The other reason why horror films are suffering is the PG-13 rating. This ties into the commercialization of horror projects as a whole. Part of the reason we have seen an influx in the creation of horror films, and part of the reason why these horror films are suffering critically, can be attributed to the PG-13 rating, in my opinion.

When a film is rated PG-13, it allows said film to be shown to a wider demographic of viewers. People under 17 don't need an adult with them to let them into a film. The only thing people a PG-13 film restricts are young children. This allows producers to make more money, and get more people into the theater.

The following horror films, or film franchises, have a PG-13 rating, and have been released since 2005:

  • Insidious (2010)
  • When a Stranger Calls (2006)
  • The Last Exorcism (2010)
  • White Noise (2005)
  • The Woman In Black (2012)
  • The Skeleton Key (2005)
  • House at the End of the Street (2012)
  • The Haunting In Connecticut (2009)
  • The Possession (2012)
  • Prom Night (2008)
  • The Messengers (2007)
  • One Missed Call (2008)
  • The Uninvited (2009)
  • The Eye (2008)
  • Boogeyman (2005)
  • Devil (2005)
  • Poltergeist (2015)
  • The Lazarus Effect (2015)
  • Shutter (2008)
  • Mama (2013)
  • Ouija (2014)
  • Dark Skies (2013)
  • The Rite (2011)

This is just a very small sampling of examples. What else do all of these films have in common, though? 

  1. They all rely on jump-scares to sell their horror.
  2. They all have either poor, or mixed, reviews from audiences and critics.
  3. They all have made millions at the box office.

So, essentially, these kinds of commercialized, watered down, toothless films make tons of money at the box office, yet are often despised, or disliked by critics? They aren't even regarded as fun, or enjoyable? So what happened to horror films? Why have we seen a huge increase in their production, and a huge decrease in their quality?

To be clear, there are exceptions to the rule, as there always are. But, in general, we can hone in on three specific reasons as to why horror films are, generally, poorer in terms of quality, and less fun, than they used to be.

  1. A huge increase in the amount of horror films being produced -- two times what it was pre-2005.
  2. Directors have seen their control over a project diminish, and they have been scrubbed from promotional material.
  3. A huge increase in PG-13 horror films, which often see low critical and social response, but make millions at the box office.

So what's the solution?

Honestly, until these films begin to do poorly at the box office, there is no solution. Production companies are the arbiters of what makes it to the silver screen. On the rare off-chance that an independent, low-budget effort -- where a director has complete creative control (like the first Paranormal Activity film) -- makes it big at the box office, production companies quickly franchise it, fast-track sequels, and ruin what made the original film great in the first place while searching to capitalize on its success.

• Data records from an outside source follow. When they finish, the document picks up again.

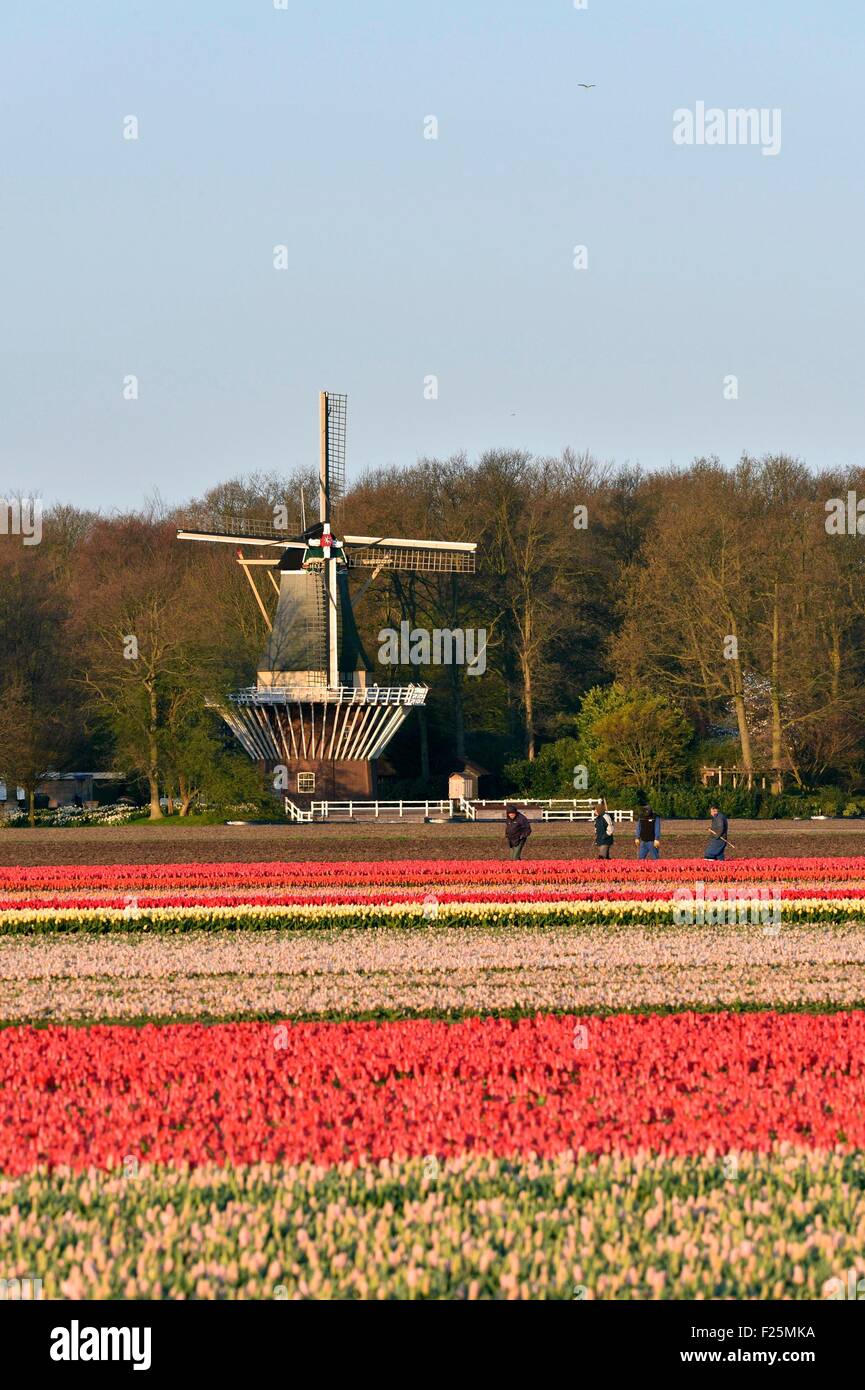 Paesi Bassi Olanda meridionale, campi di tulipani vicino a Lisse e giardino Keukenhof Foto Stock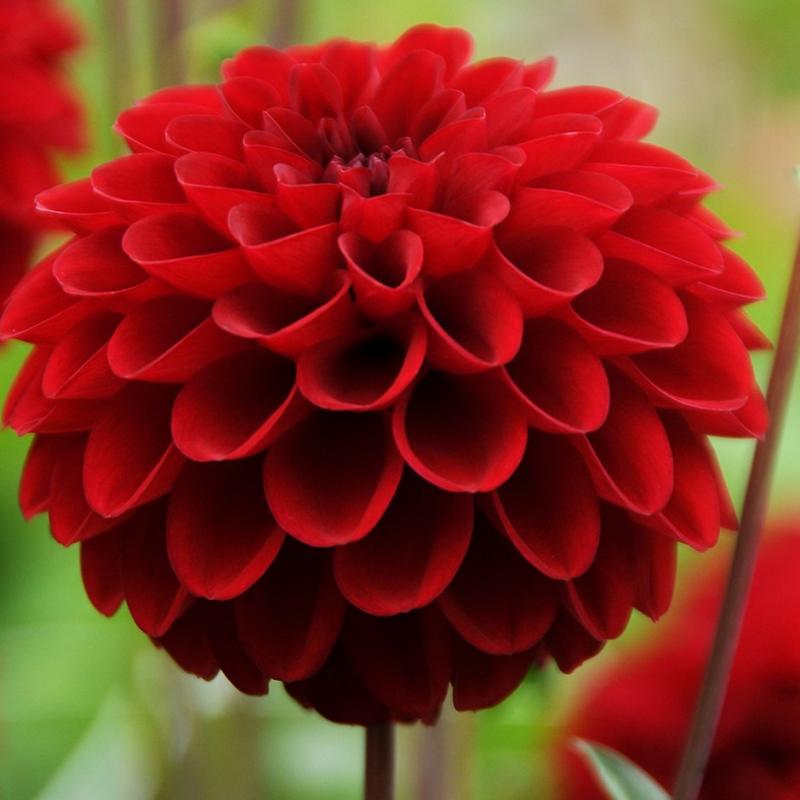 List Of Top 51 Most Beautiful Flowers In The World Storytimes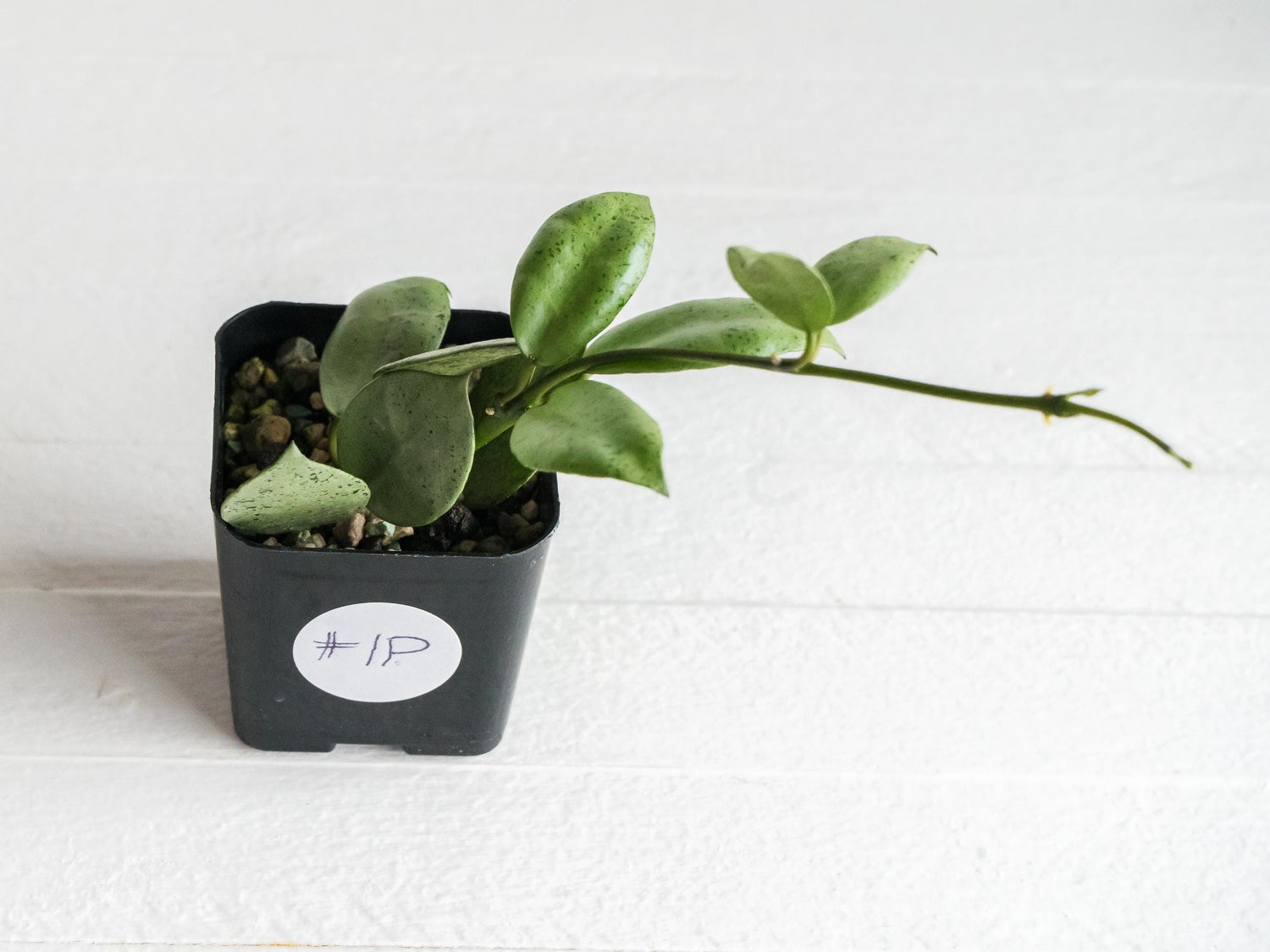 Hoya lacunosa 'Silver Mint Coin' | 2-Inch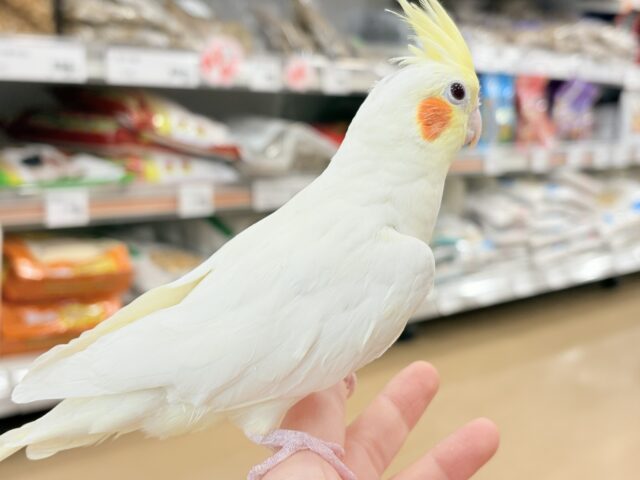 オカメインコ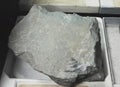 Andesite breccia extrusive igneous rocks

This is also not just something that is strictly a horror movie issue. The YouTuber Nerdwriter, whose videos often have a great level of educational insight into filmmaking, and films in general, made a video about this epidemic of 'passable' films, which have risen in recent years.

His point, and my ultimate point, is that we need a surge of originality in Hollywood. We need more films like It Follows, The Babadook, and The Witch, which have used the independent platform as a place to explore new ideas, new techniques, and subversions of the genre to varying degrees of success. We need more distribution companies like A24, who are willing to take chances on original, and interesting, films.

I see this going one of two ways: either horror cinema crashes and burns from too much commercialization, and too much "safe filmmaking" so to speak, or the independent scene resurges with new, interesting, original horror films that become the norm.

I hope the latter is what happens, though, for right now, I fear we are rapidly pursuing the former.